A lot of bots are sending this link to me on twitter, and obviously it must be something malicious. Can someone explain in a detailed manner that what does this link do and what is the vulnerability here?

This is the link:

enter image description here

It sets up and sends some variables to youtube then logs me out and then sends me to a bitly shortened link: hxxp://bitly.com/2vK4Fga#1007310965585731584

I unshortened it and it came back with this :


The site is a Chinese search engine! When I clicked on this link on my VM, it went to this website: hxxp://www.twitob.com/ which is some sort of gaining twitter follower site.

What is this link doing? I get that its setting some variables like ilo or ils and stuff, but I don't know what are they and why set them to these specific values?
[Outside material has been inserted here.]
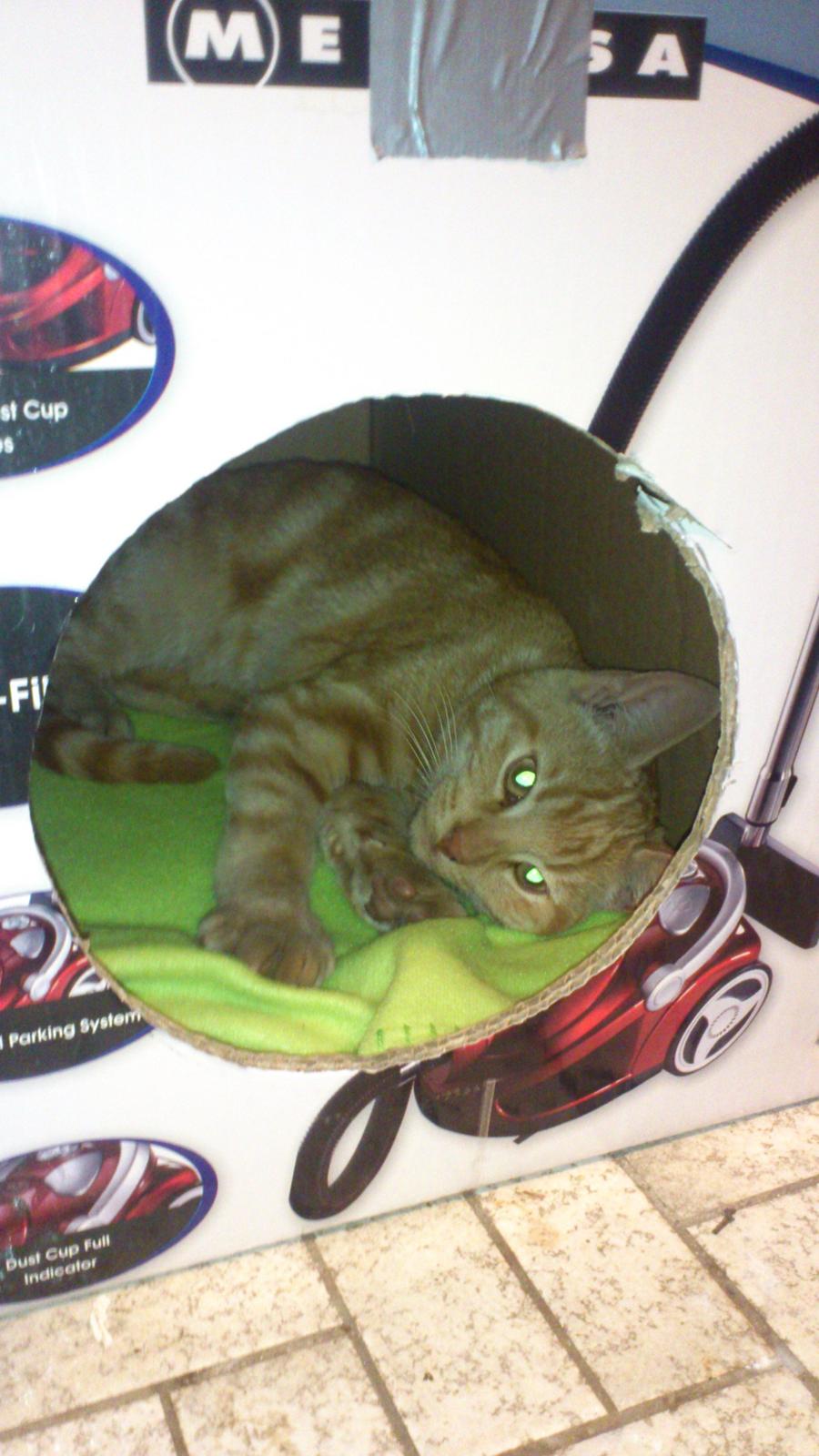 Huskat Mogens billede 5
What are these variables?

I also found a report on a similar thing to this :


but not sure if they are the same vulnerability or not, and that report doesn't explain anything.

One more weird thing is that usually I can easily unshorten the twitter's t.co links, but when I unshorten the t.co link that twitter gave me for these links, it turned into this no matter which website i used :


But you can clearly see that the actual link is something way different, what is going on?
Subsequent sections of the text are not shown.